=== EXERCISE DETAILS ===
Please transcribe exactly the line that holds "Låt Shenanigans börja" and all lines that follow it to the end of the records below, omitting any pictures.

=== ENTRIES PROVIDED ===
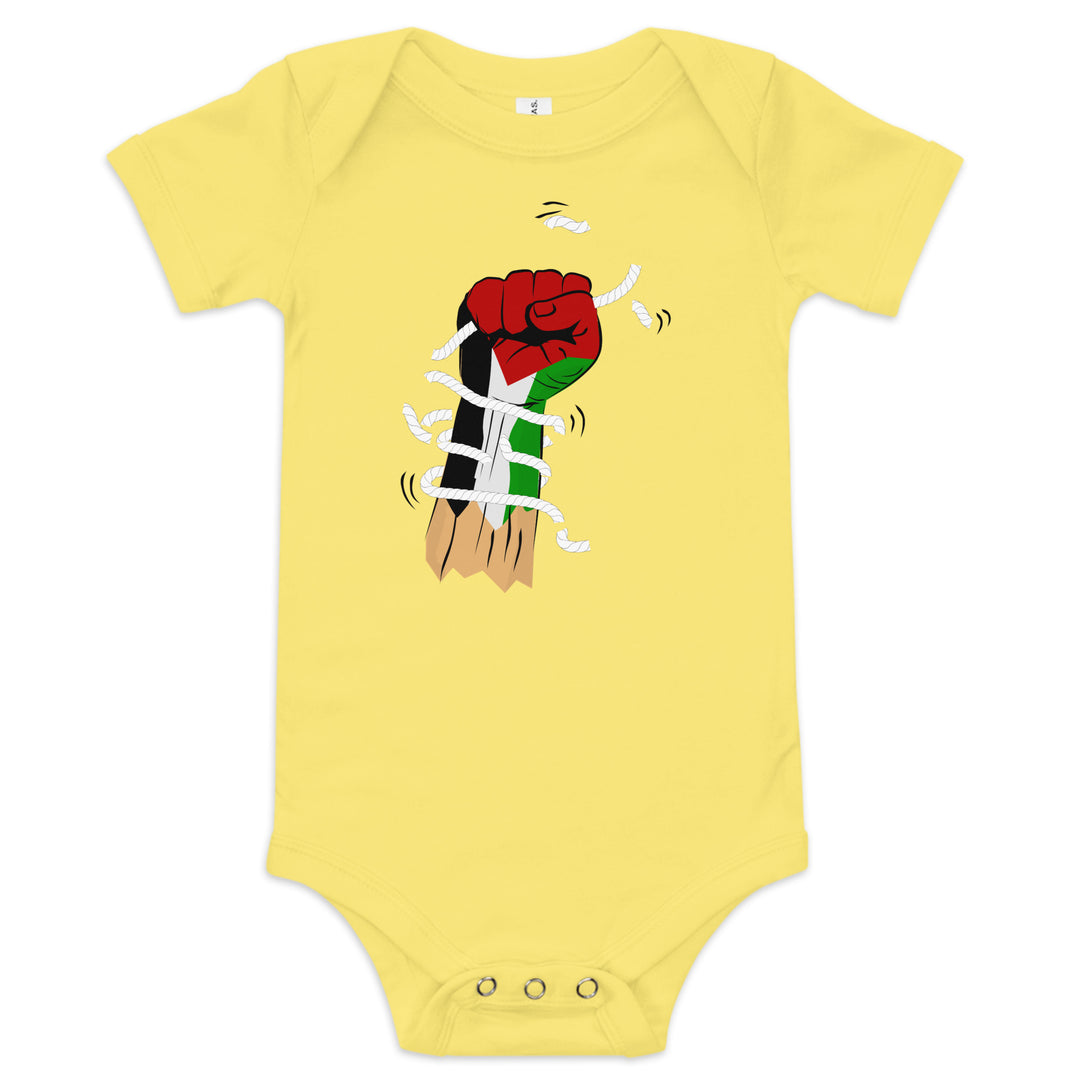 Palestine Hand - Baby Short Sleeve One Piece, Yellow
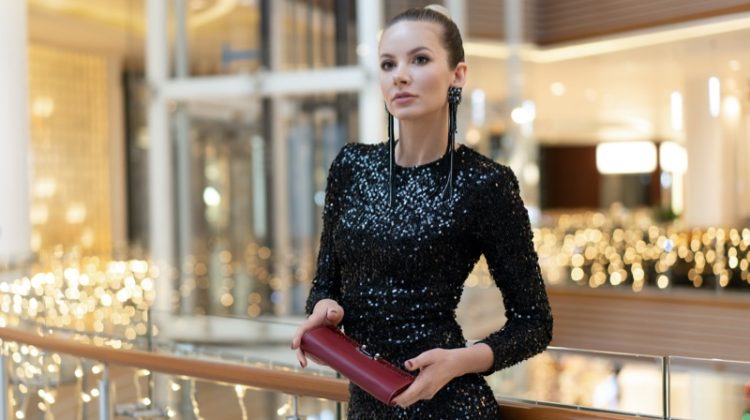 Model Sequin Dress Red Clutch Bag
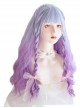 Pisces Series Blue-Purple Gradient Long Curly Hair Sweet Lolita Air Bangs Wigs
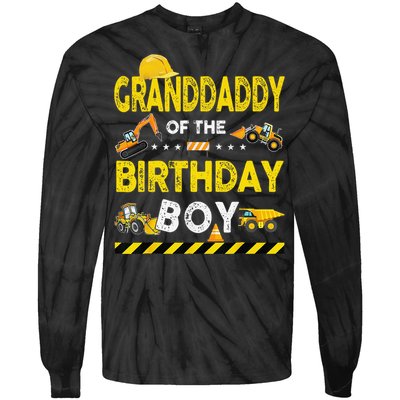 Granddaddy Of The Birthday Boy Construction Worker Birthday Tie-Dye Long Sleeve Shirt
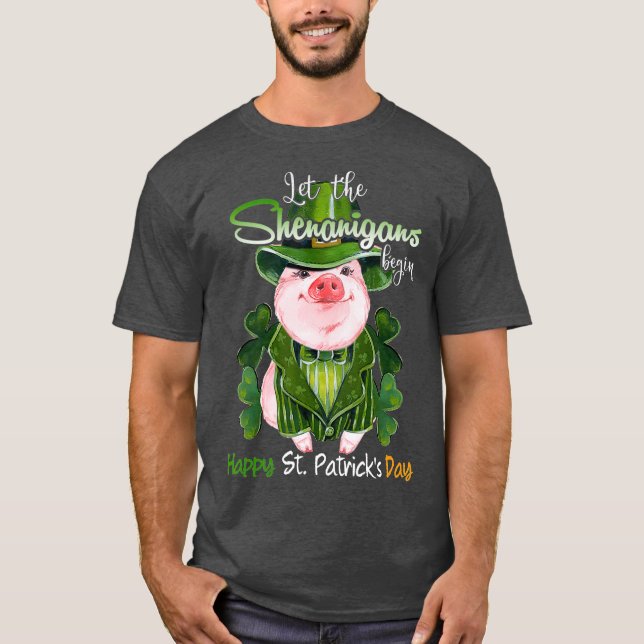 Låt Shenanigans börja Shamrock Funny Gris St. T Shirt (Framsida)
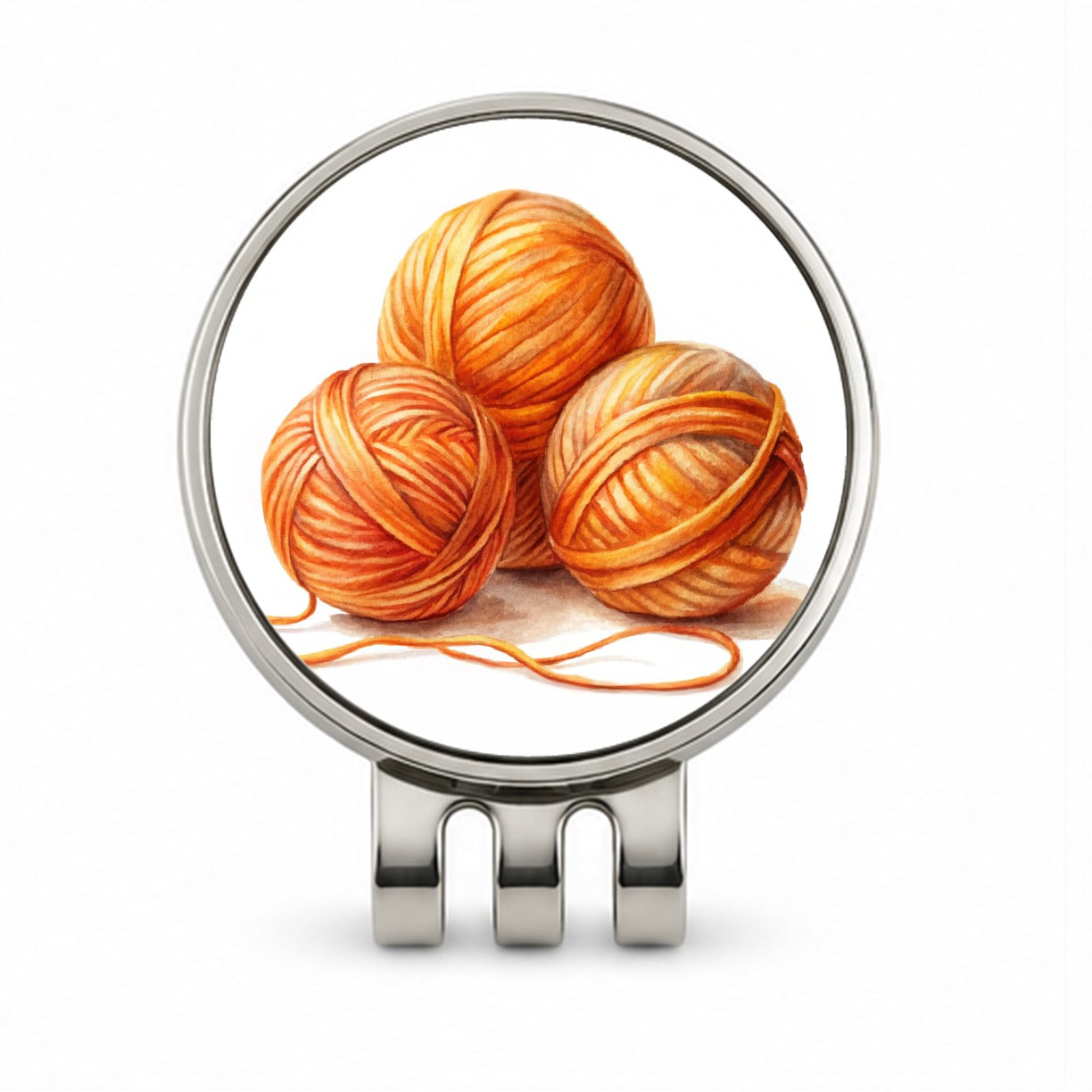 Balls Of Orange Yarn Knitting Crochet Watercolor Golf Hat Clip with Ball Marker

=== WRITTEN RESPONSE ===
 Låt Shenanigans börja Shamrock Funny Gris St. T Shirt (Framsida)
 Balls Of Orange Yarn Knitting Crochet Watercolor Golf Hat Clip with Ball Marker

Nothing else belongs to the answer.